It seems they fall into two types:
* Camera based - usually military applications. Camera is on the helmet, and tracks marker points around the cockpit. This could be used by DJI easily, since they already have advanced vision tracking, so don't even need the markers. I think this would be OK up to a point. It needs to be fast and accurate or, as luciens mentions, nausea rapidly arises. Furthermore, the measurement must be "head relative to something", and that something could be the general environment, OR the handheld controller (only if line of sight is maintained, for which it probably will not).
* Accelerometer type. Cheap, but there will need to be a calibration routine and elimination of drift over time. It's relative to itself (but it integrates acceleration twice to get distance - hence the drift). I didn't check how the angle calculation is made from x,y,z distance...I guess there must be a system where two accelerometers are balanced around an axis, and they are subtracted one from the other, or something like that, and then integrated twice over time. I think it just means it gets more difficult to get stability.
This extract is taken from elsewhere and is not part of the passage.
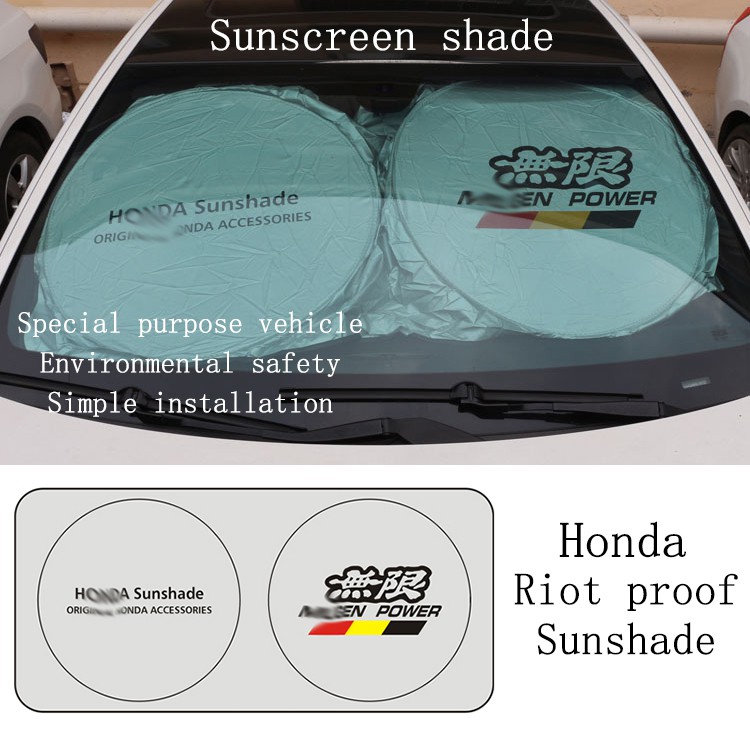 Honda Logo Dual Panels Easy Folding Windshield Sun Shade for Cars and Small SUVs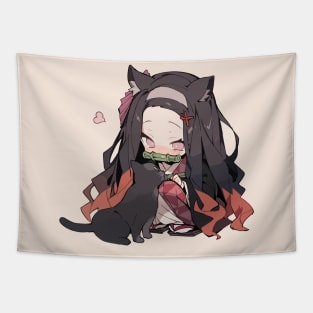 Chibi Nezuko with Cat Tapestry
But there is a fairly new technology (at least in more common usage, which means it's getting cheaper) - check the specs of iPhones and the latest Samsung Note and 21 Ultra, for example - it's called Ultra Wide Band, UWB. Some manufacturers (not Apple or Samsung) are claiming mm accuracy, and able to detect direction with error of max 6 degrees but only in a hemispherical target range. 150Hz refresh rate. Max range 200m. Interference free. Maybe not all of these things at the same time. There is an advantage to this type (probably some disadvantages, too - cost?). Line of sight not needed. This could reference between the headset and the hand controls. It means the hands and head could effectively rotate 180 degrees from each other by looking one way, and pointing the controller the other way.